======== Data shown ========

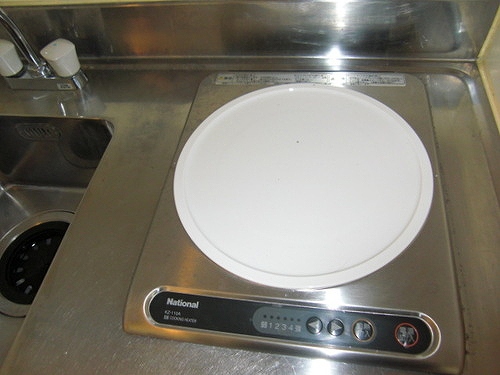 ライオンズ三田11階 ＩＨクッキングヒーター　※2009年5月撮影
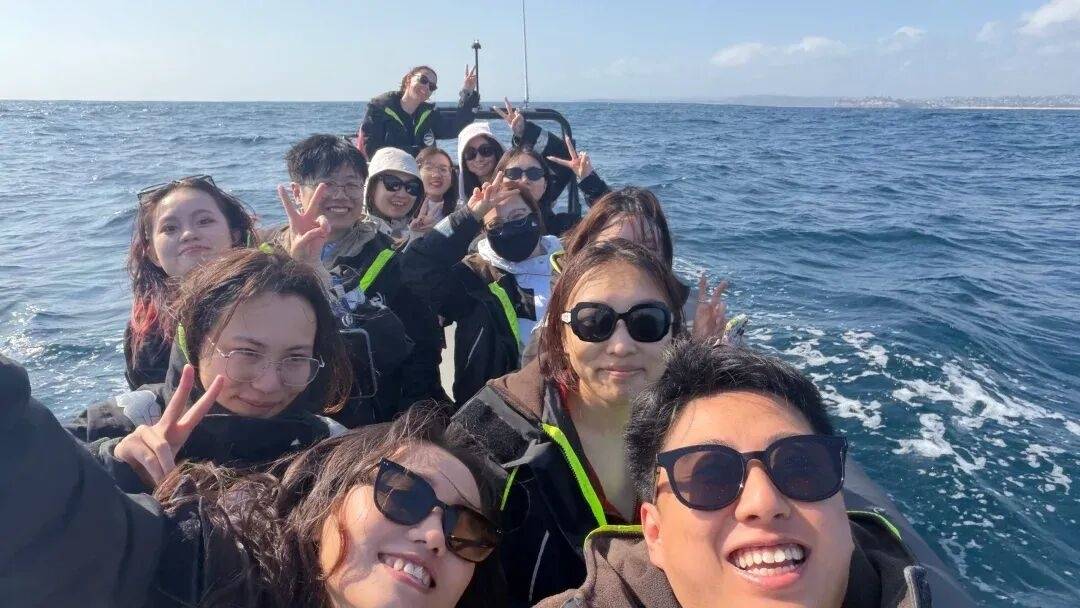 全世界都知道中国人放假了！挪威2万人口小岛因中国游客堵车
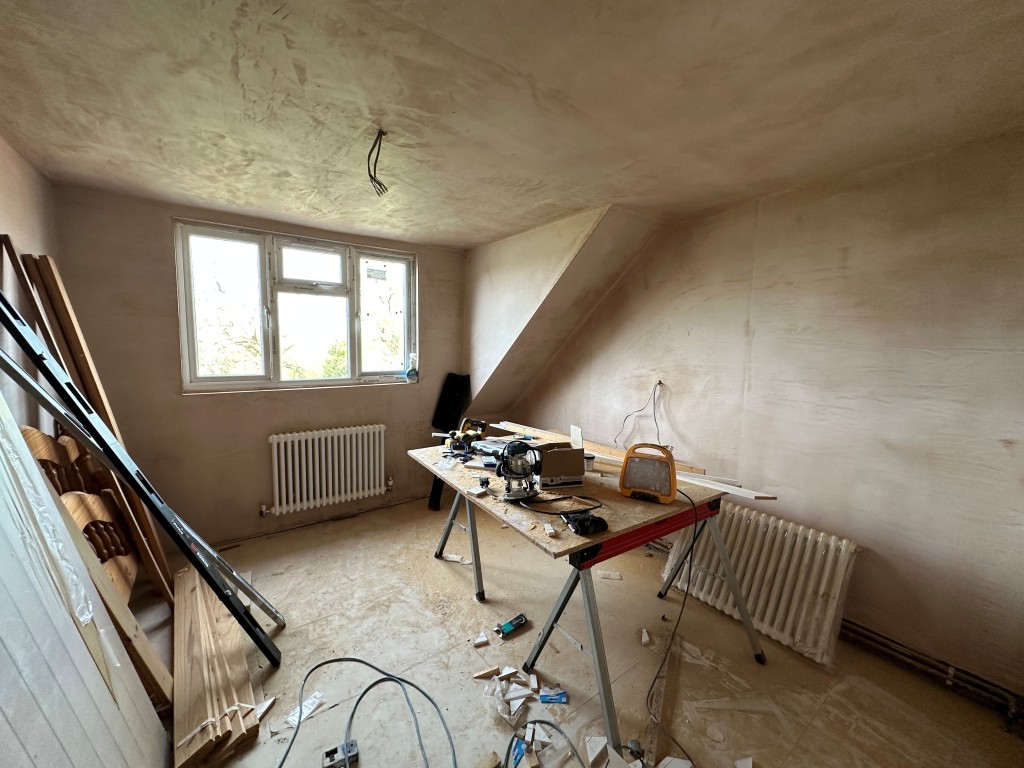 Lot: 127 - FOUR-BEDROOM DETACHED HOUSE IN NEED OF WORKS - Bedroom located on the first floor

========

* What the task requires: Leaving the images out, retype all the material above exactly.

* Answer area:
 ライオンズ三田11階 ＩＨクッキングヒーター　※2009年5月撮影
 全世界都知道中国人放假了！挪威2万人口小岛因中国游客堵车
 Lot: 127 - FOUR-BEDROOM DETACHED HOUSE IN NEED OF WORKS - Bedroom located on the first floor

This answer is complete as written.